## YOUR ASSIGNMENT
Give every line of the records exactly, please, from the first up to and including the one containing "Property Slideshow image".

## DATASET RECORDS
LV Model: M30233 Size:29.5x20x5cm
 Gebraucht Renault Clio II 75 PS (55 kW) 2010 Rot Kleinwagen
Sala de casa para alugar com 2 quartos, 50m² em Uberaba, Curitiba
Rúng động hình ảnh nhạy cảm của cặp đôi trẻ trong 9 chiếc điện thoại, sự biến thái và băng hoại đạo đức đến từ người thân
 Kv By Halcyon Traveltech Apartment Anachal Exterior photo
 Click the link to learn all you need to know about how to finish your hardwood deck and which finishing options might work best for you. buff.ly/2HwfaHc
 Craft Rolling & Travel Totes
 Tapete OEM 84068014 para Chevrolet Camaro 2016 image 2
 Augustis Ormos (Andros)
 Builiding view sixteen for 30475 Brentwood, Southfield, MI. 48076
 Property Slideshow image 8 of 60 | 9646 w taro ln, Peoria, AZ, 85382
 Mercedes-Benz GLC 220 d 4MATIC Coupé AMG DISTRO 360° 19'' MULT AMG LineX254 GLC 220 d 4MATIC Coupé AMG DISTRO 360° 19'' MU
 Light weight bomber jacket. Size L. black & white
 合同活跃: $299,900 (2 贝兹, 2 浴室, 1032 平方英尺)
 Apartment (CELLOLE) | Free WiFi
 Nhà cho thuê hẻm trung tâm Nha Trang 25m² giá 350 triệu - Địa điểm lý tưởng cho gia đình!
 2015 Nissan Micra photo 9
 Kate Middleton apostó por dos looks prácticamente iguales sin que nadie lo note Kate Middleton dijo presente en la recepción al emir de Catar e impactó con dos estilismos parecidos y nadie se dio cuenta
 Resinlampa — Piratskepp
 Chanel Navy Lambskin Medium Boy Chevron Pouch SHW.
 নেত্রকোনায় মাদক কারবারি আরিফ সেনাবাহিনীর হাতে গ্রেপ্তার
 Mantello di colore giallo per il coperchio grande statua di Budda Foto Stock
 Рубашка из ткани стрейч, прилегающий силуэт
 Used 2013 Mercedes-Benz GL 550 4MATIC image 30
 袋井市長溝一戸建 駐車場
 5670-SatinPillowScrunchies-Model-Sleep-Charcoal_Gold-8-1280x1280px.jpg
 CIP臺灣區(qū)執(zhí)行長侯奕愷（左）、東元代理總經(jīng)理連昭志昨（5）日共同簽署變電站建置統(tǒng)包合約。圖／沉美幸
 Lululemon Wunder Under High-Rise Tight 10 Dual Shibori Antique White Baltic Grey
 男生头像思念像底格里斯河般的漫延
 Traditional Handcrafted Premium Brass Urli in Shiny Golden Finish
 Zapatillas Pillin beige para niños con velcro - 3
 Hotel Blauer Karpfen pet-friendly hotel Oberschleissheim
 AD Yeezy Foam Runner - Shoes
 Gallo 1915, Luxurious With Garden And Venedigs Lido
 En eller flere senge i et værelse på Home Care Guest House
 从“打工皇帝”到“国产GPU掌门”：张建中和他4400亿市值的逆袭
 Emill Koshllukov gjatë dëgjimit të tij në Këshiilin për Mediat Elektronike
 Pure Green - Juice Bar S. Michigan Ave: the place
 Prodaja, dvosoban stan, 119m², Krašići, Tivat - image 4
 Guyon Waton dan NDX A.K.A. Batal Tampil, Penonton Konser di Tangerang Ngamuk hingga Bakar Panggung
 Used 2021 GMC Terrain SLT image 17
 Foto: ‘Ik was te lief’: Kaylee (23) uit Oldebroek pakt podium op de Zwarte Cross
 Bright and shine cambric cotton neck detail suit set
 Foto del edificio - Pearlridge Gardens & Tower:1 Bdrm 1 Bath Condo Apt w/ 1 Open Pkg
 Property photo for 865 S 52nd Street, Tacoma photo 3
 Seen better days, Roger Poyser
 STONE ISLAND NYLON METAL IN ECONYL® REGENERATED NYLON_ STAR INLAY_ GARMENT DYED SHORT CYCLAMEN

## ANSWER TO THE EXERCISE
LV Model: M30233 Size:29.5x20x5cm
 Gebraucht Renault Clio II 75 PS (55 kW) 2010 Rot Kleinwagen
Sala de casa para alugar com 2 quartos, 50m² em Uberaba, Curitiba
Rúng động hình ảnh nhạy cảm của cặp đôi trẻ trong 9 chiếc điện thoại, sự biến thái và băng hoại đạo đức đến từ người thân
 Kv By Halcyon Traveltech Apartment Anachal Exterior photo
 Click the link to learn all you need to know about how to finish your hardwood deck and which finishing options might work best for you. buff.ly/2HwfaHc
 Craft Rolling & Travel Totes
 Tapete OEM 84068014 para Chevrolet Camaro 2016 image 2
 Augustis Ormos (Andros)
 Builiding view sixteen for 30475 Brentwood, Southfield, MI. 48076
 Property Slideshow image 8 of 60 | 9646 w taro ln, Peoria, AZ, 85382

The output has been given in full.